▶ _DATASET_:
------------------------------------------------------------------------

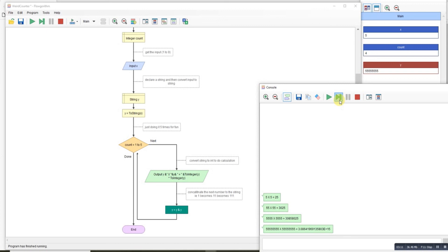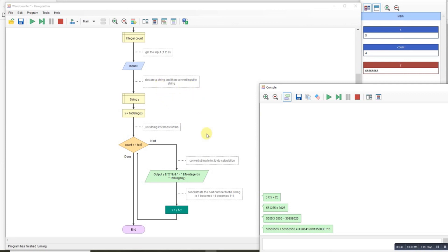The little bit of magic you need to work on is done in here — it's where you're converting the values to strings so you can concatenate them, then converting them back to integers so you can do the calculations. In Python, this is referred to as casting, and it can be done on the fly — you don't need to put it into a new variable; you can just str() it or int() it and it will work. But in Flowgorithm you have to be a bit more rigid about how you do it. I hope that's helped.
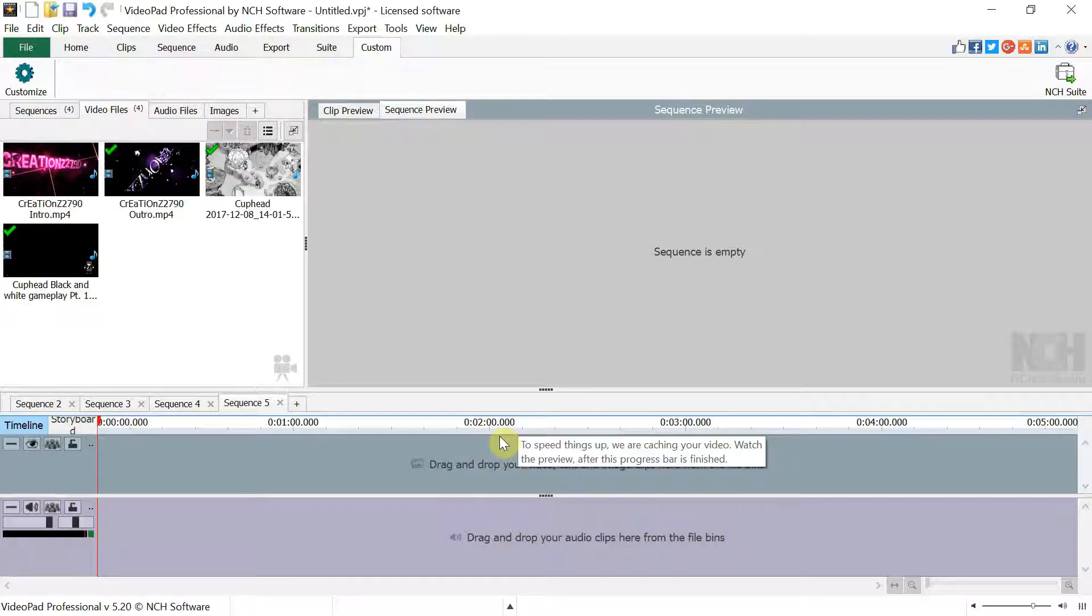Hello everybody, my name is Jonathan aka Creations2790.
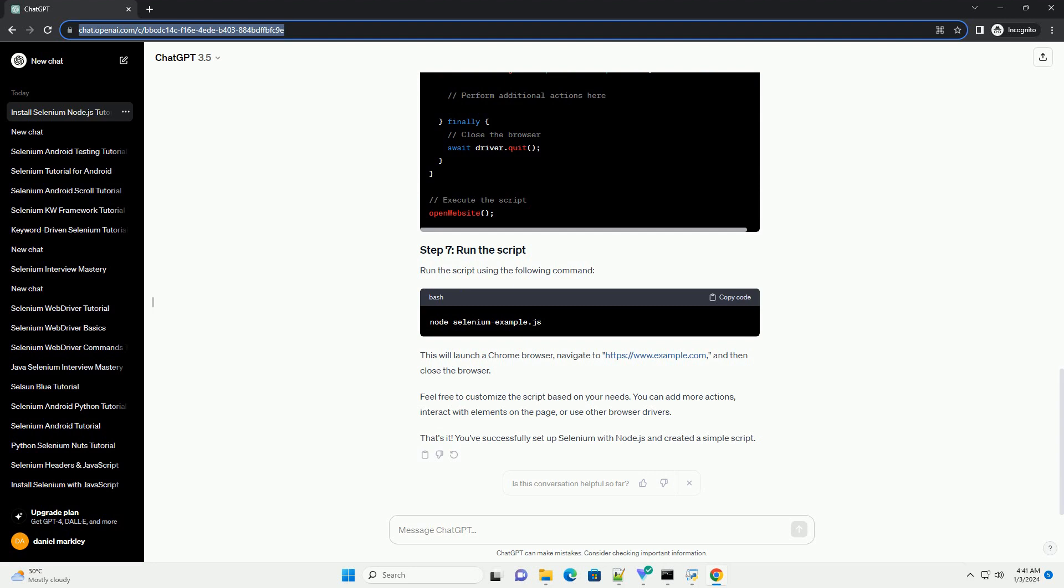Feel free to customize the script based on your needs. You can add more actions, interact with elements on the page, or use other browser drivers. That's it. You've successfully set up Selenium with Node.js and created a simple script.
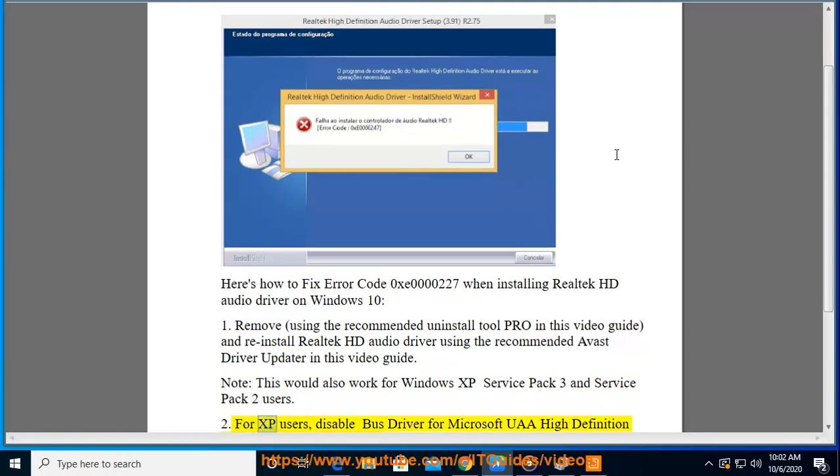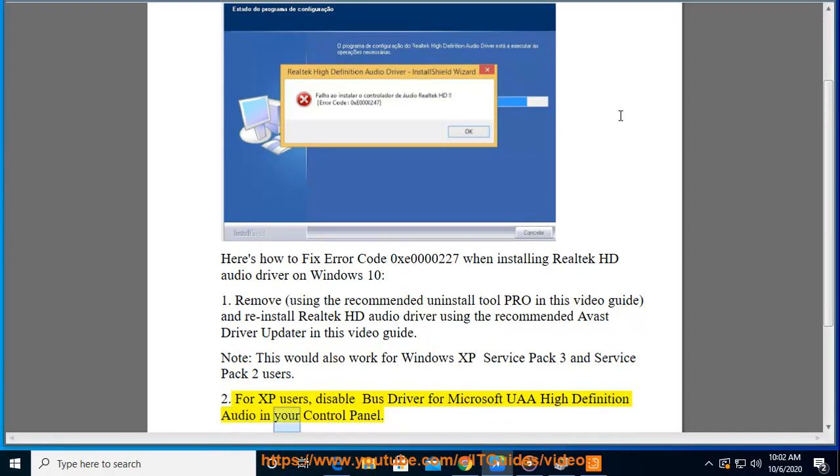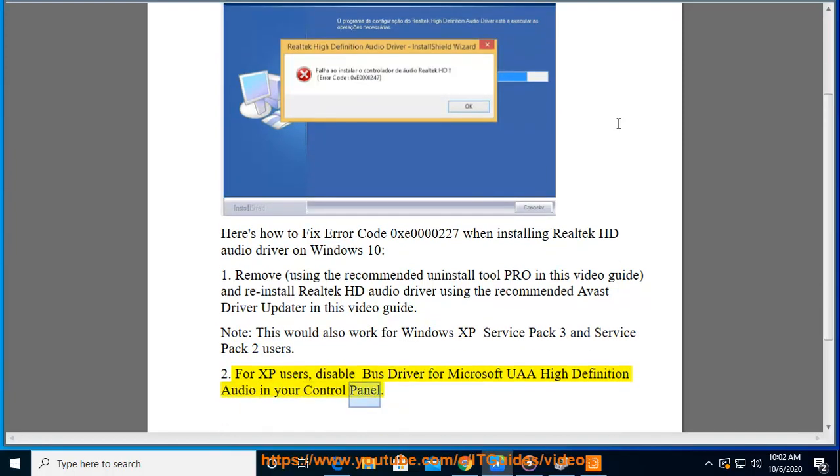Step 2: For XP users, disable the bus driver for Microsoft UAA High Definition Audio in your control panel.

------------------------------------------------------------------------

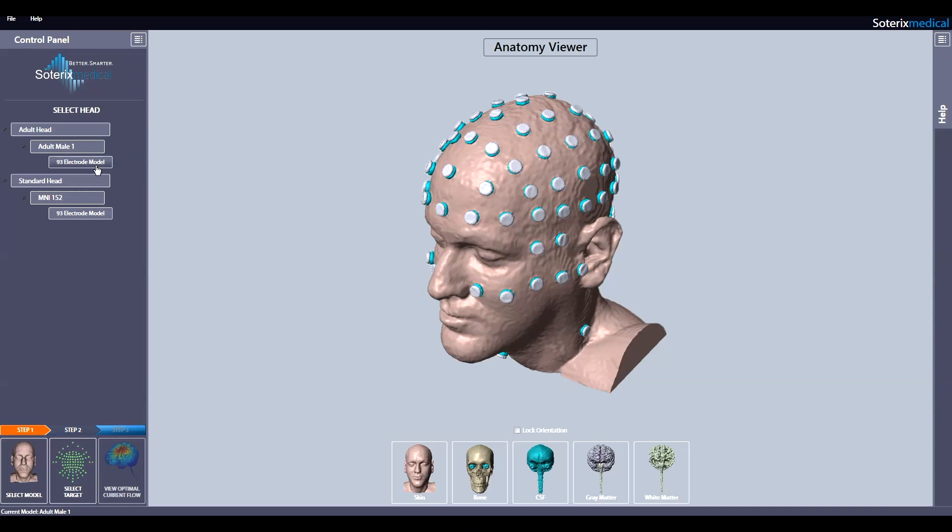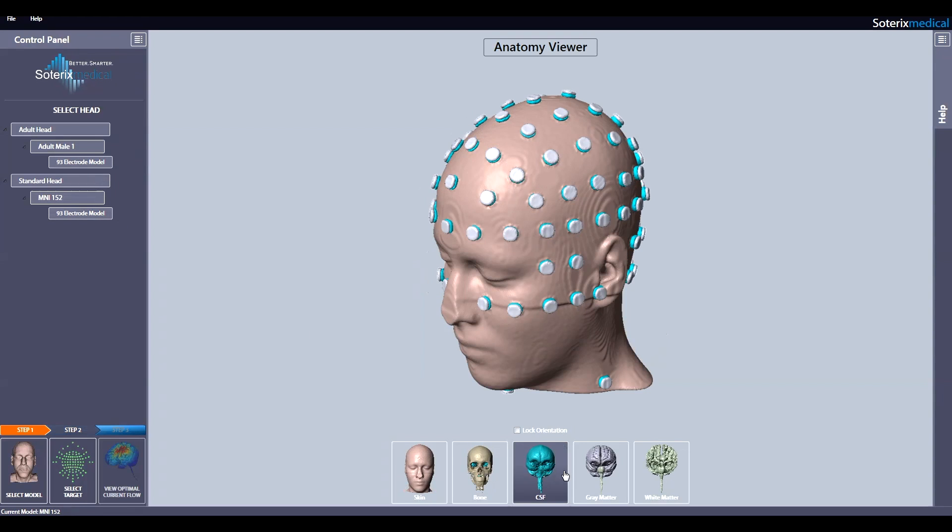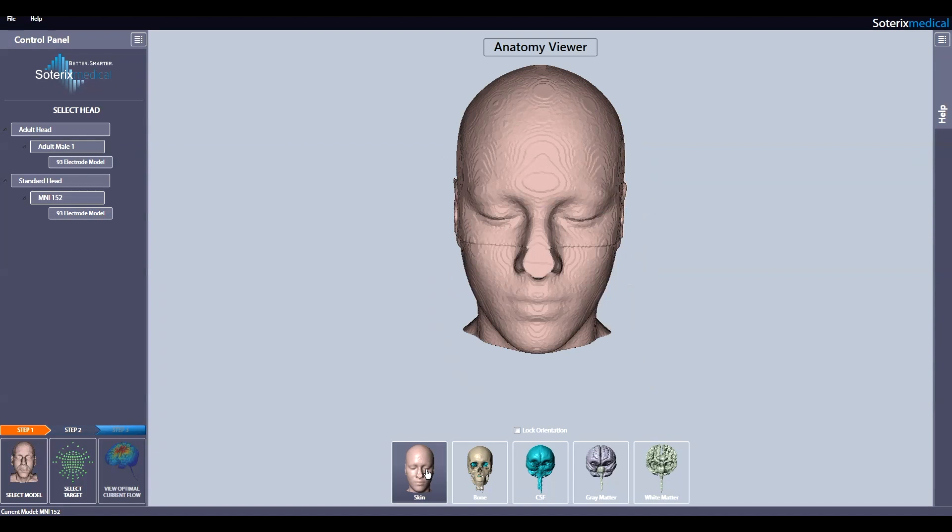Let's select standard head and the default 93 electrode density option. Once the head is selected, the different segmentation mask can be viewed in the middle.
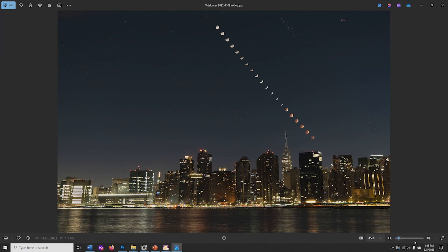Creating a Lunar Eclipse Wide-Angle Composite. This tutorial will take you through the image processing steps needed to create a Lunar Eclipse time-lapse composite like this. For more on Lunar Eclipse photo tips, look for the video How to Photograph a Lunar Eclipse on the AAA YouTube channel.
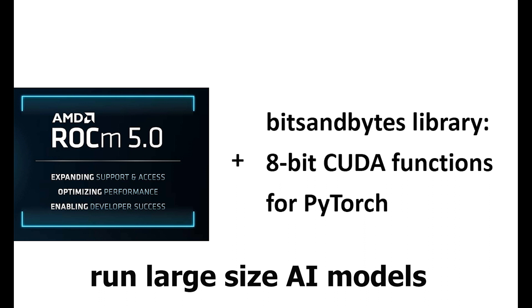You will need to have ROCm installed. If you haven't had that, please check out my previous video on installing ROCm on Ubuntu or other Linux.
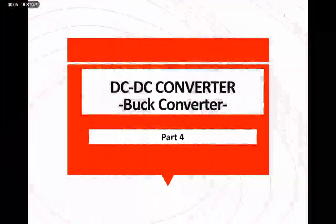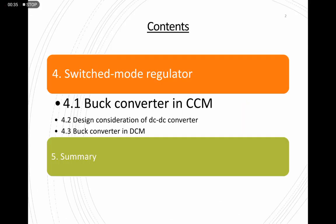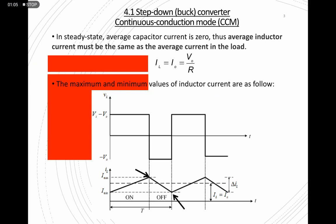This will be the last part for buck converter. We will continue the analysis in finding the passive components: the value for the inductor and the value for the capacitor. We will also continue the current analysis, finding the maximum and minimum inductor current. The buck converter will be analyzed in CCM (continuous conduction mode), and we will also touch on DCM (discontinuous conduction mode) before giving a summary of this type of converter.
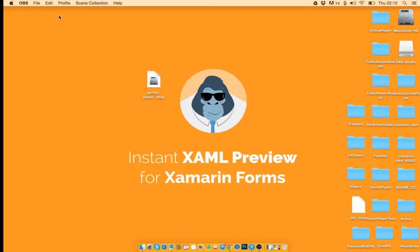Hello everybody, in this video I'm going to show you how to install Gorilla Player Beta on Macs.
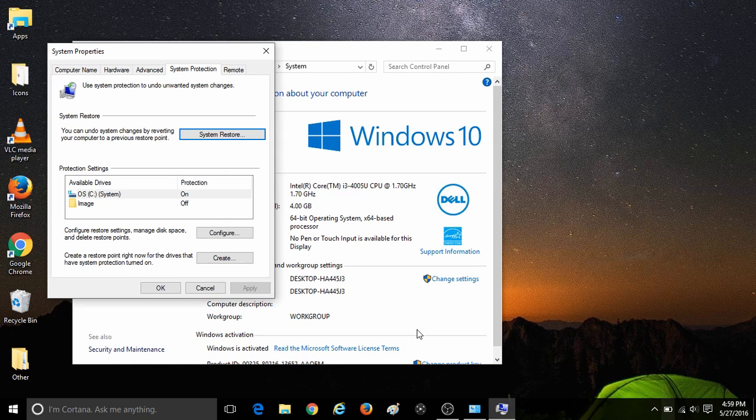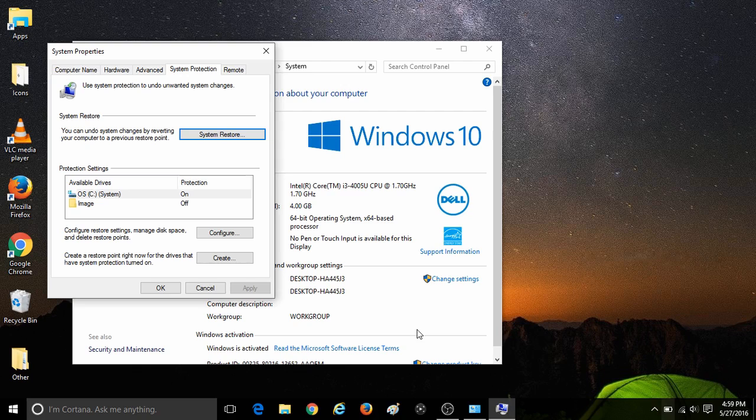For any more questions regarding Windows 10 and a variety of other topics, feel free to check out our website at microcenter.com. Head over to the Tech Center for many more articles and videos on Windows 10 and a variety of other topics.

------------------------------------------------------------------------

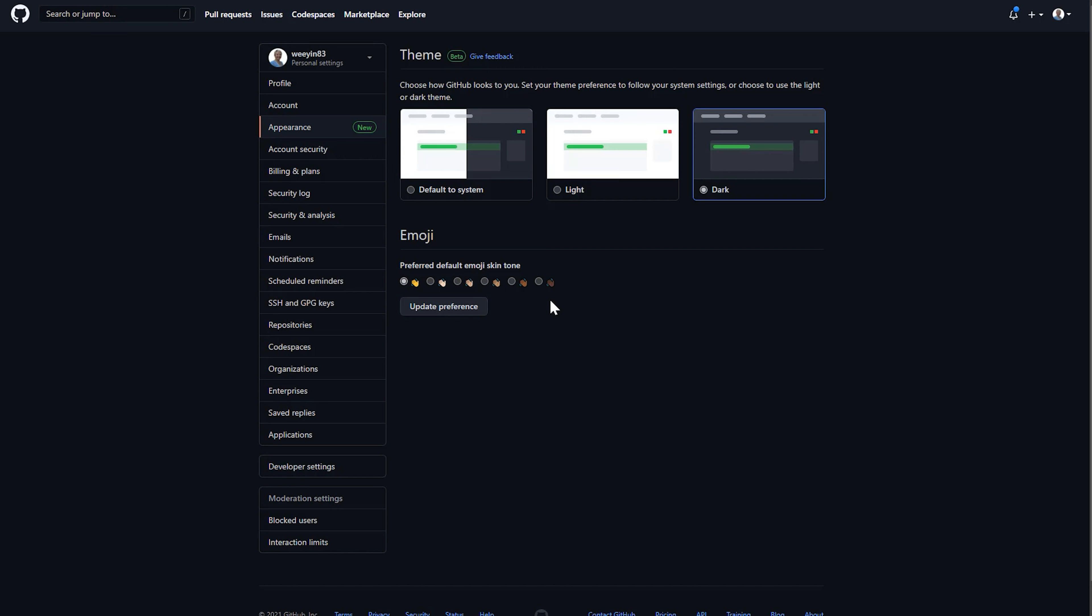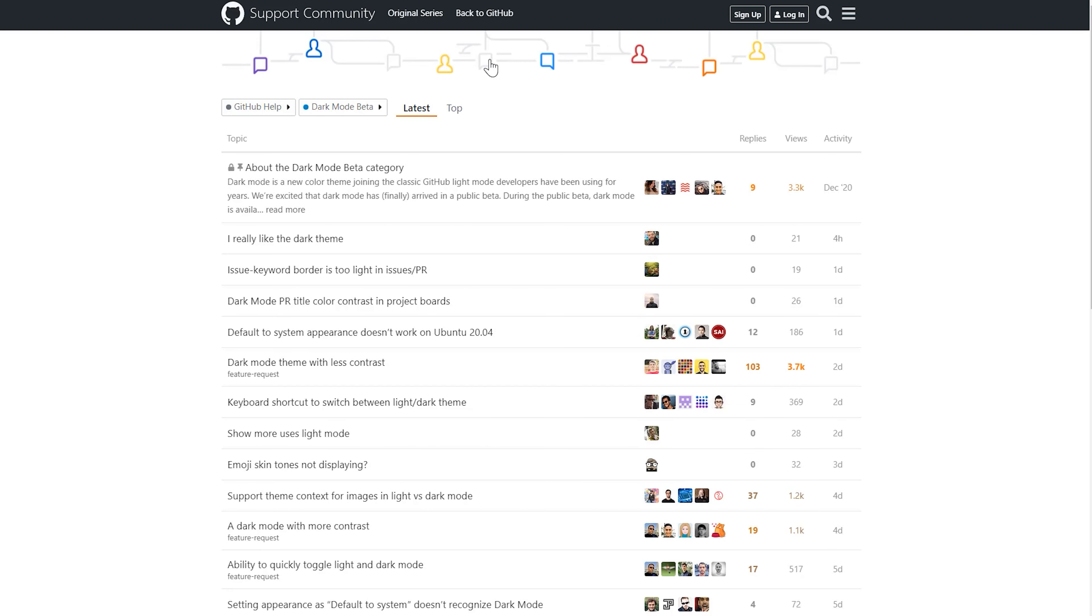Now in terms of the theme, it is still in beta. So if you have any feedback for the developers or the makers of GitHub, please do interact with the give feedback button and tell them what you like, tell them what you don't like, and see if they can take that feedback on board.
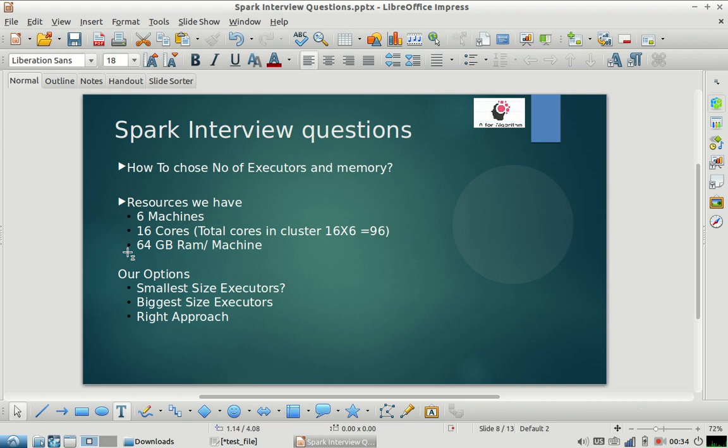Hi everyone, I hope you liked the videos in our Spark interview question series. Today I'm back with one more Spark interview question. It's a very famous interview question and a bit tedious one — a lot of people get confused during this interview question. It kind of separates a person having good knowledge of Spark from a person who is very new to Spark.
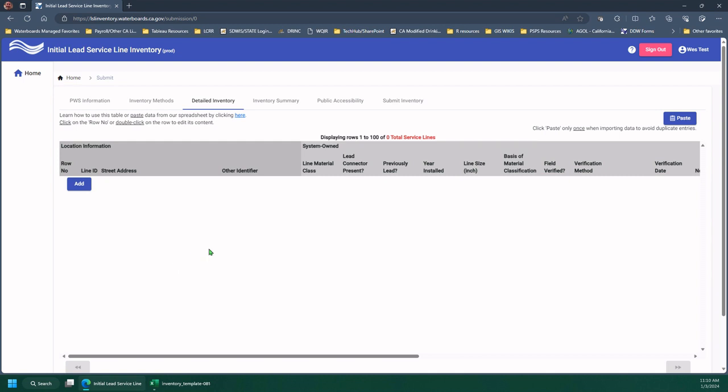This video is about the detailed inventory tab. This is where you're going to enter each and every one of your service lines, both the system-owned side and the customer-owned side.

------------------------------------------------------------------------

▶ _WORK REQUIRED_:
Starting with the line that contains "Hello everybody, my" and finishing with the line that contains "Step 2: For", reproduce every line of the material above exactly, but not the pictures.

▶ _EXERCISE RESPONSE_:
Hello everybody, my name is Jonathan aka Creations2790.
Feel free to customize the script based on your needs. You can add more actions, interact with elements on the page, or use other browser drivers. That's it. You've successfully set up Selenium with Node.js and created a simple script.
Step 2: For XP users, disable the bus driver for Microsoft UAA High Definition Audio in your control panel.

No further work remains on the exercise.